American sprinter (born 1984)

Marshevet Hooker (born September 25, 1984) is a professional sprinter, competing internationally for the United States and sponsored by adidas. Hooker participated in the 2008 Summer Olympics at Beijing, China, finishing 5th in the 200 metres.
In the 100 meters, Hooker became the fifth-fastest woman up to that point (under any conditions) when she ran a wind-aided 10.76 (+3.4) to win the first heat of the 100 m quarterfinals at the 2008 Olympic Trials.

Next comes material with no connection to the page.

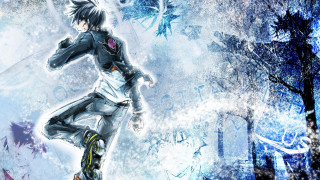 Anime skateboard snow trees birds - a anime character free wallpaper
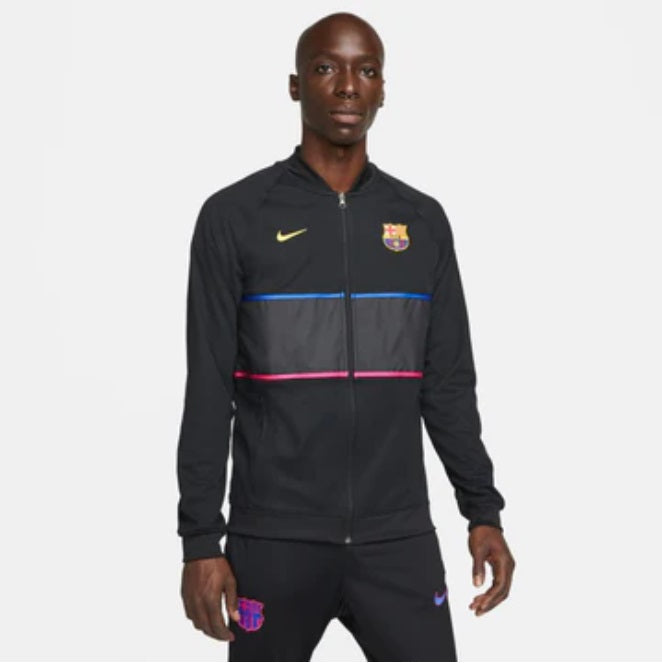 Chamarra negra de presentación Nike FC Barcelona I96 Anthem Jacket 2022 con franjas azul y grana, stock Futbol90MX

In June 2006, Hooker elected to forgo her final season of collegiate eligibility to pursue a professional track and field career. Hooker, an eight-time All-American, left the University of Texas as one of the most decorated student-athletes in the program's history.

Hooker, a corporate communications major, made her mark as one of the top athletes in collegiate track and field during the 2005 outdoor season, when she helped Texas to its fourth NCAA outdoor title. Hooker became UT's third NCAA 100-meter champion and its first since 1991, when she claimed the event in 11.14 seconds. She also anchored the 4 × 100-meter relay team to victory in 42.87, the third-fastest time in school history. Hooker took second in the long jump, finishing only behind eventual World champion and Olympic gold medalist Tianna Madison.

Hooker was coached by Olympic gold medalist Jon Drummond.

==Career highlights==
- 1st at 2011 World Champion in 4x100
- 5th at 2008 Beijing Olympics in 200 m
- 3rd at 2008 Olympic Trials in 200 m
- 4th at 2008 Olympic Trials in 100 m
- 2006 NCAA Indoor 60 m and LJ champion
- Two-time Big 12 Women's Indoor Track Athlete of the Year (2005 and 2006)
- 2005 NCAA 100 m and 4 × 100 m champion

==Personal bests==
- 100 meters – 10.86 2011(10.76w)
- 200 meters – 22.34 2008(22.20w)

==Personal life==
Her sister, Destinee Hooker, is an indoor volleyball player who competed in the 2012 Summer Olympics.